Francis Picabia (Kids)

*Idylle (Idyll)*

Francis Picabia. Idylle (Idyll). 1927 6570

Francis Picabia. Idylle (Idyll). 1927. Oil and enamel paint on wood, in a frame by Pierre Legrain, 44 5/16 × 32 1/2 × 2 15/16″ (112.5 × 82.5 × 7.5 cm), with frame. Musée de Grenoble. Gift of Jacques Doucet, 1931. © 2016 Artist Rights Society (ARS), New York/ADAGP, Paris. Photo © Musée de Grenoble

Anne Umland: I think this painting is so funny.

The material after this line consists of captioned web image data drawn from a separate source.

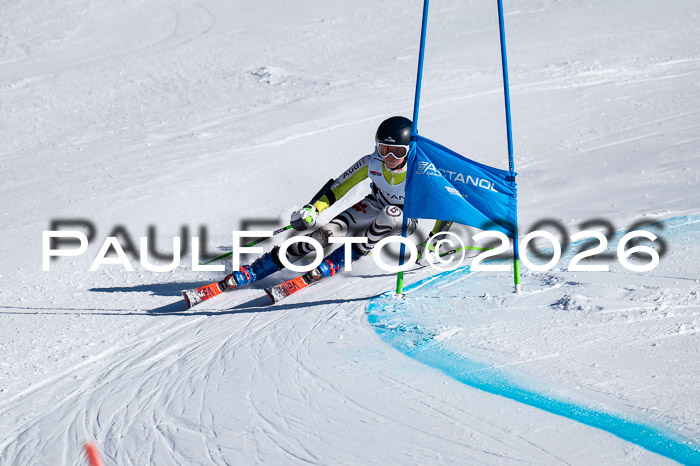 DSV Actanol Schülercup Alpin U14 RS+, 31.01.2026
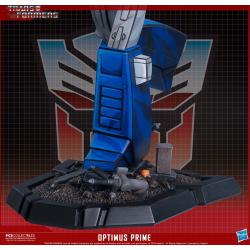 Transformers Estatua Classic Scale Optimus Prime 27 cm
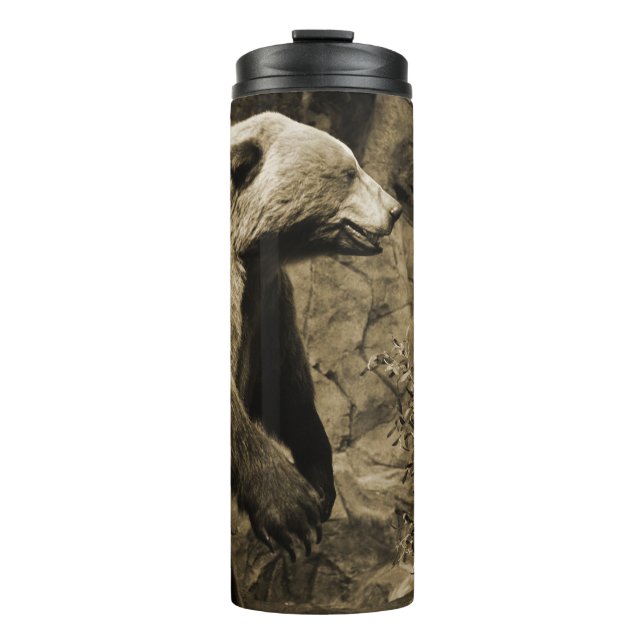 Proud Bear Thermal Tumbler (Front)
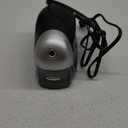Stanley Bostitch Heavy Duty 1-Hole Electric Pencil Sharpener with Auto Stop Mechanism (EPS8HD-BLK) (Black)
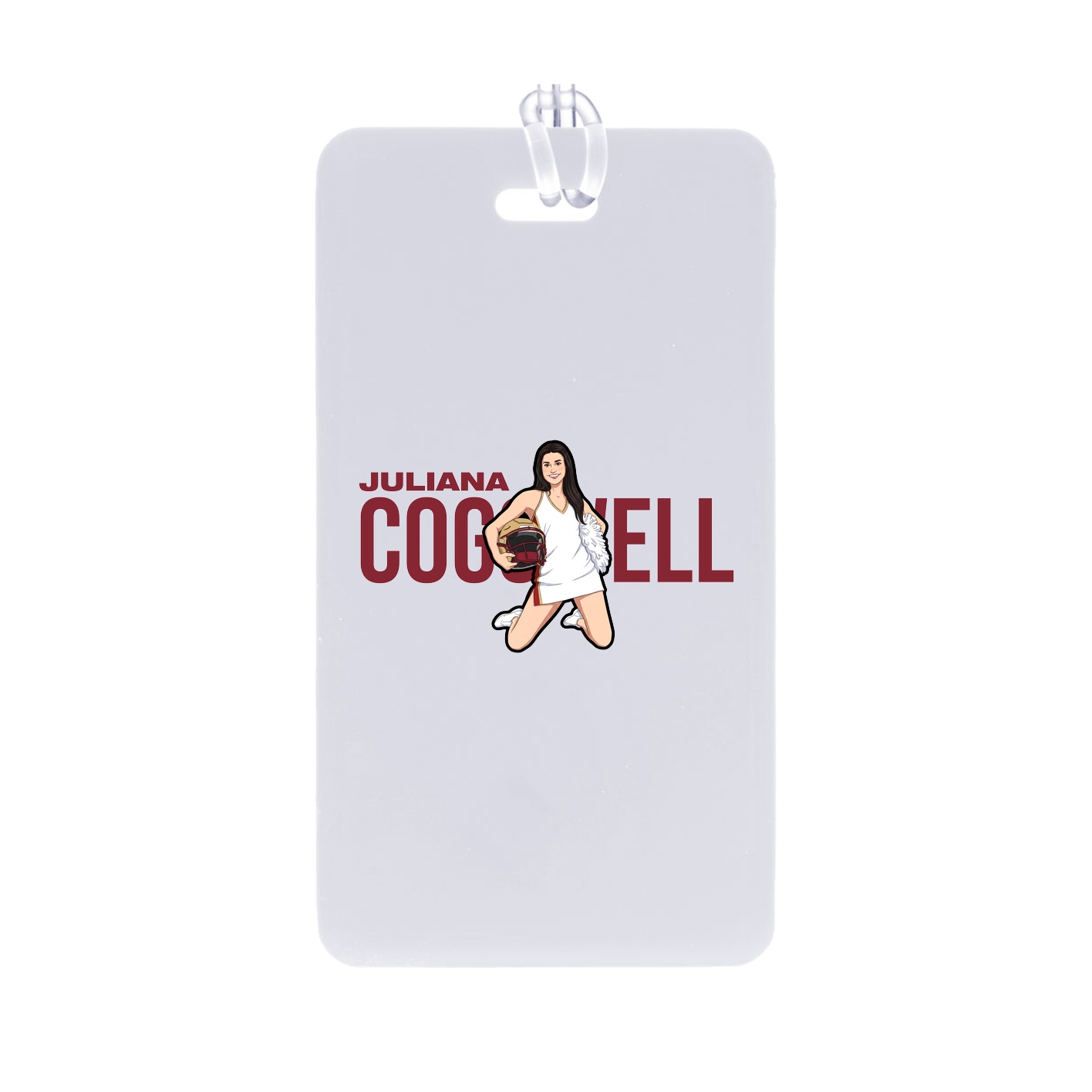 Bag Tag — Player Name in Classic
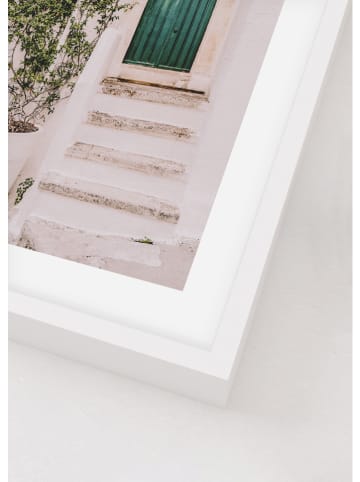 Ars Longa Druk artystyczny "Hidden Gateway" w ramce - 70 x 50 cm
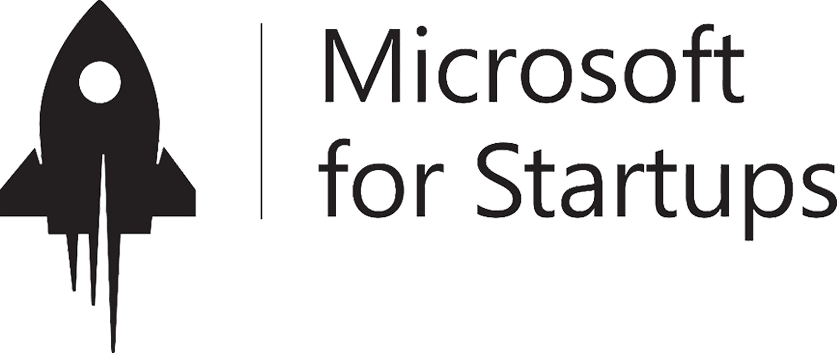 Logo Microsoft for Startups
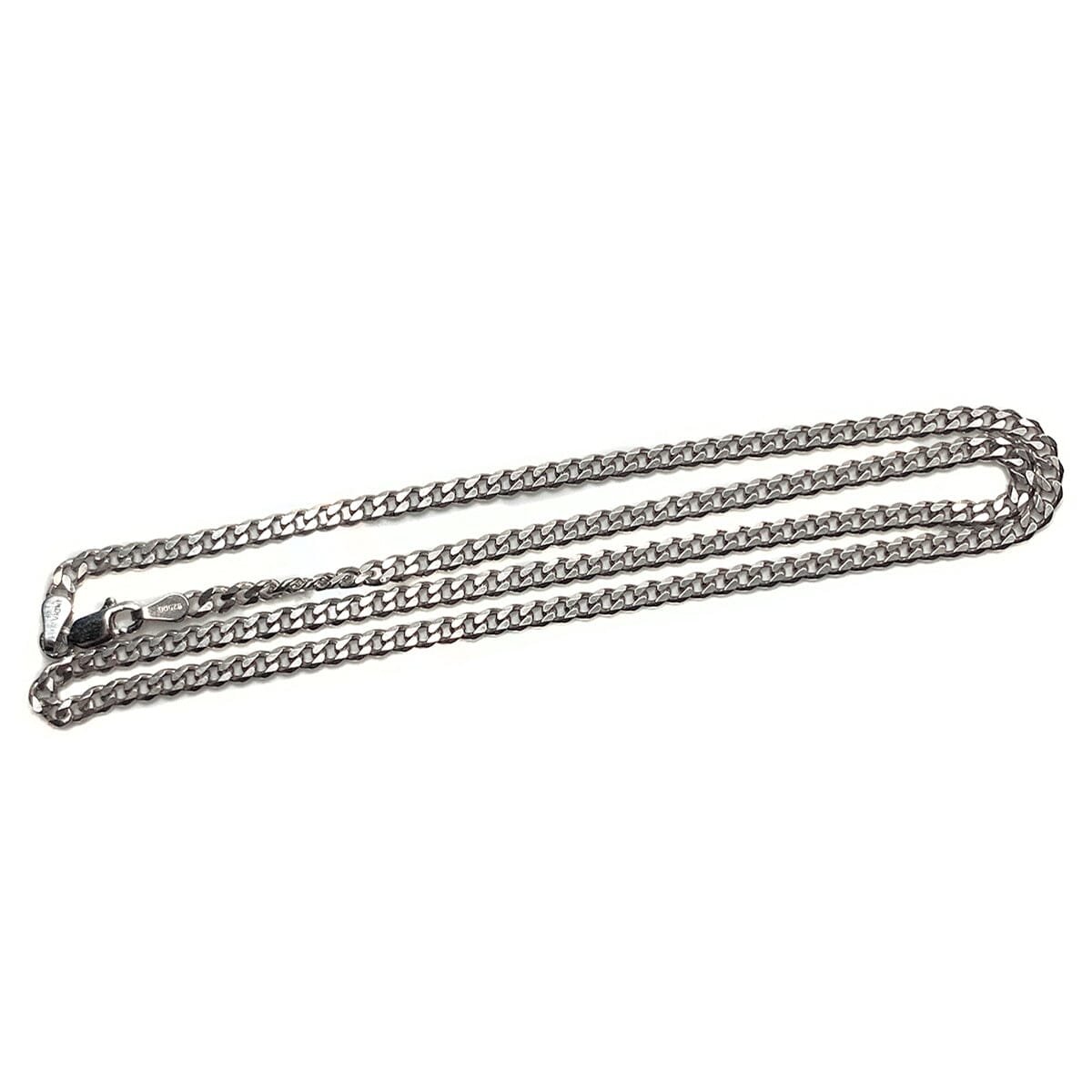 Great Lakes Boutique Silver Curb Chain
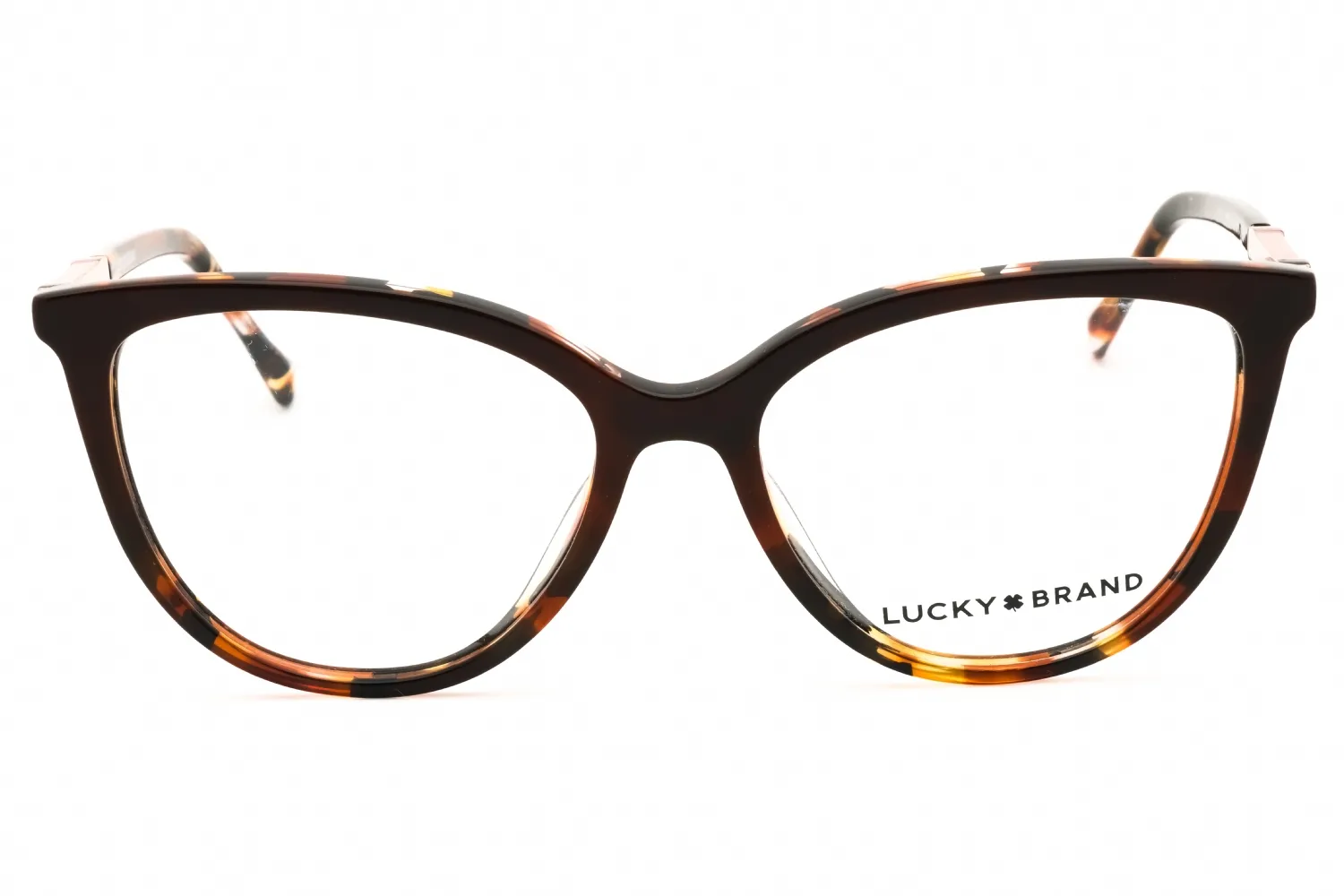 Lucky Brand D226 0BRO Eyeglasses Brown 52mm Women 2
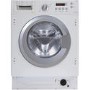 CDA 6kg 1200rpm Integrated Washing Machine - White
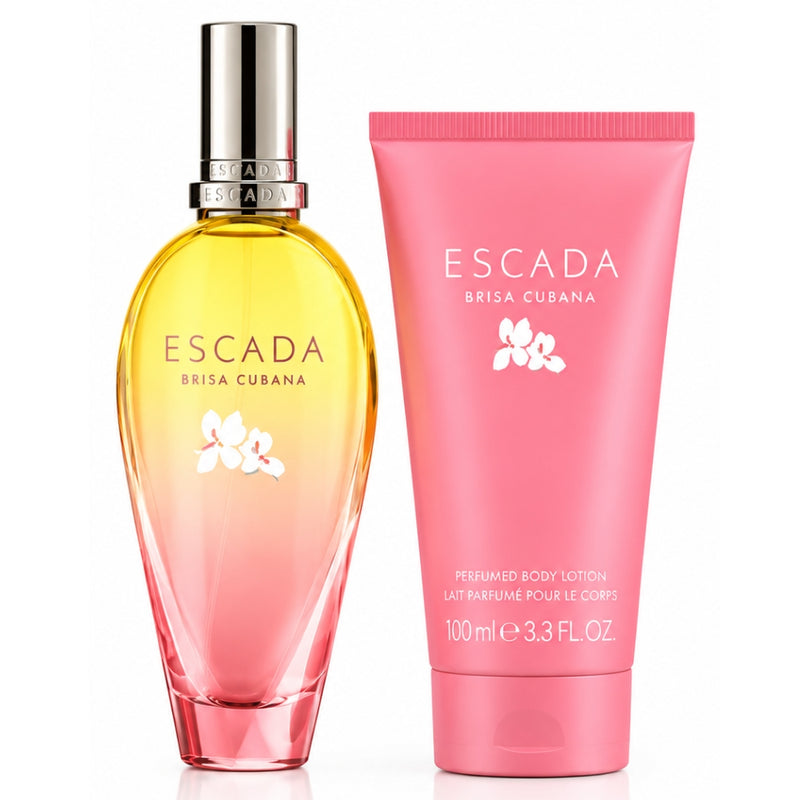 Escada SET Brisa Cubana Eau de Toilette Mujer 100 ml + Body Lotion 100 ml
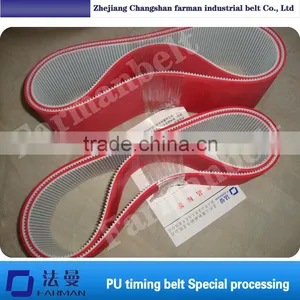 Timing Belt Drive,Toothed Transmision Belt,Engine Synchronous Belt thumbnail-2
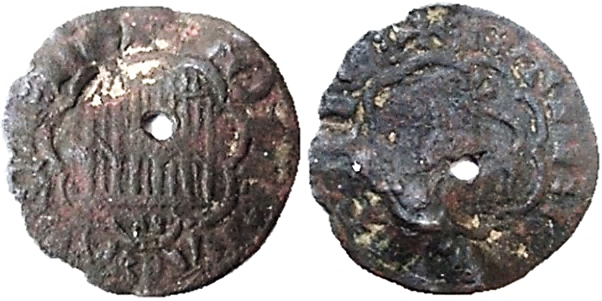 Tipo 11. &ldquo;Moneda Nueva Blanca&rdquo; Alfons&iacute;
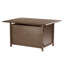 Avaline X 31 po Foyer de table en aluminium au propane, perles de verre, deux couvercles, couvercle, finition cuivre de 55 000 BTU-2092327396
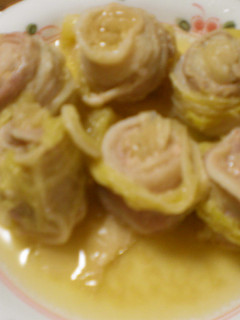 ✾豚肉の白菜ろ~る✾-レシピのメイン写真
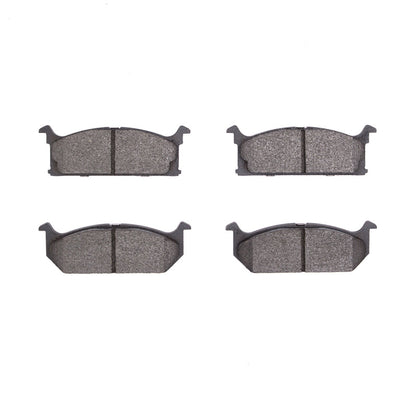 DFC 85-94 Chevrolet Sprint Front 5000 Advanced Semi Metallic Brake Pads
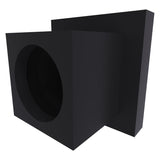 Allied Brass Montero Collection Shower Rod Brackets in Matte Black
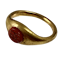 Late Roman intaglio ring - image 1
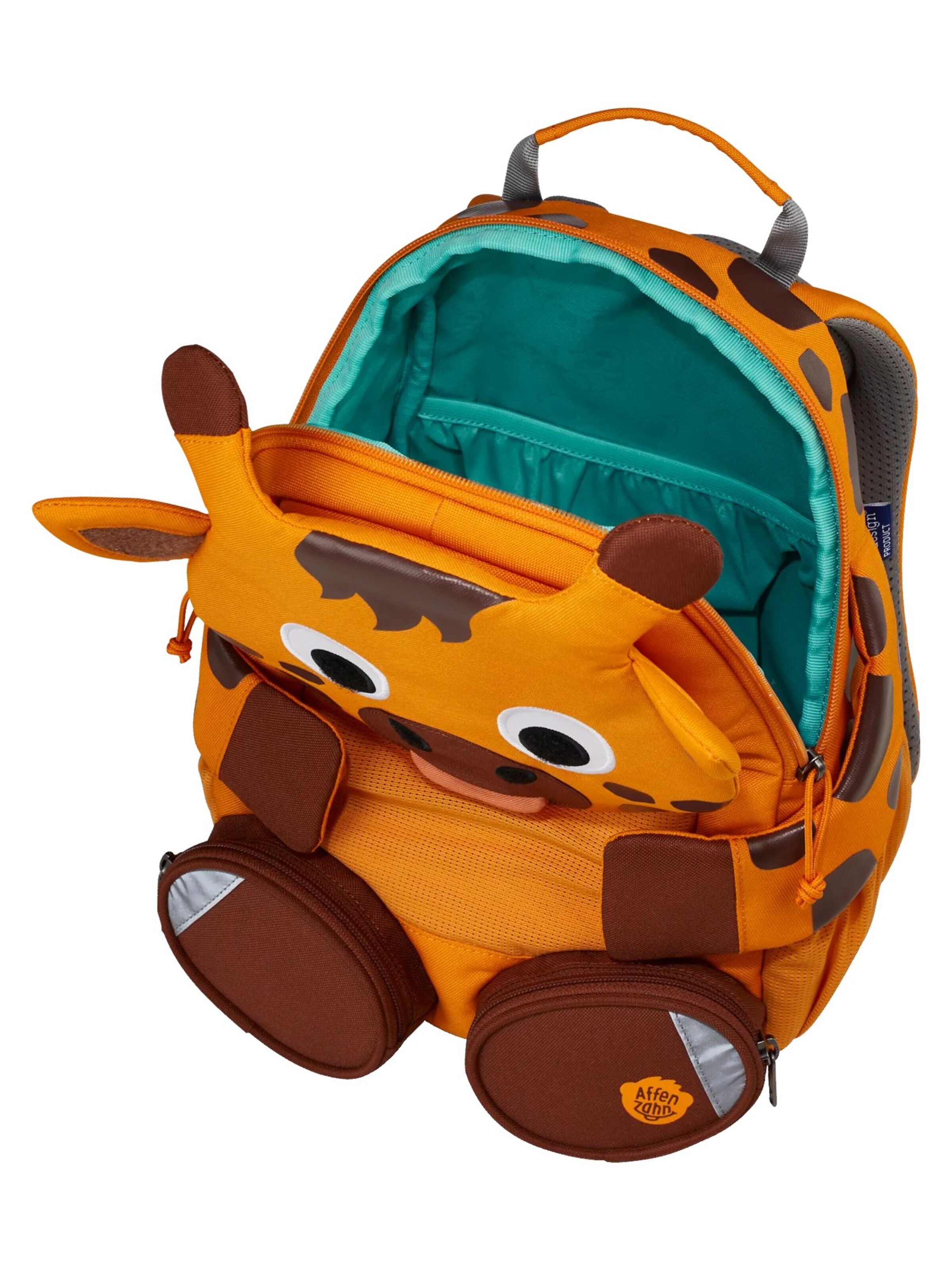 Affenzahn Backpack 'Großer Freund' in Orange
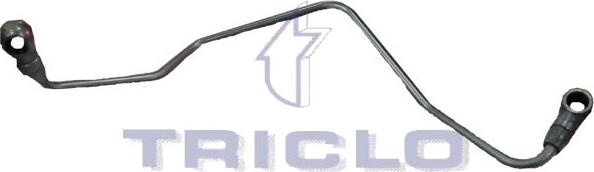 Triclo 450334 - Oil Pipe, charger autospares.lv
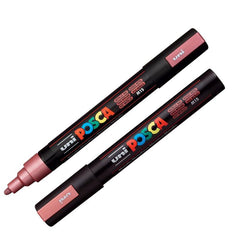 POSCA Marker PC-5M Metallic Red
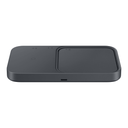 Samsung Cargador Super Fast Wireless Charger Duo Gris (Dark Gray) EP-P5400TBE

You can see buildings in the man's head, and you can see, in the woman's body, these boats that seem to float right on top of her. Plus the bright blue color of the background extends right into the heads and faces of the couple, making it seem as though you can see right through them.

Picabia made his couple look even stranger by painting these long black lines on the man's face, like he has some sort of odd tattoo. And strangest of all, he gave the woman two pairs of eyes and two pairs of lips.

Did you notice that the woman's eyes, each one of them seems to be looking in a different direction? Can you make your eyes do that? I can't. I think like so much else in the picture, its effect is meant to make you wonder, what on earth is going on?

Narrator: Picabia called this painting Idylle. That’s French for a happy, peaceful place.

Anne Umland: I think Picabia leaves it up to us to decide whether that title suits this brightly-colored painting. Do you think the couple are happy, or are they sad, or are they somewhere in between?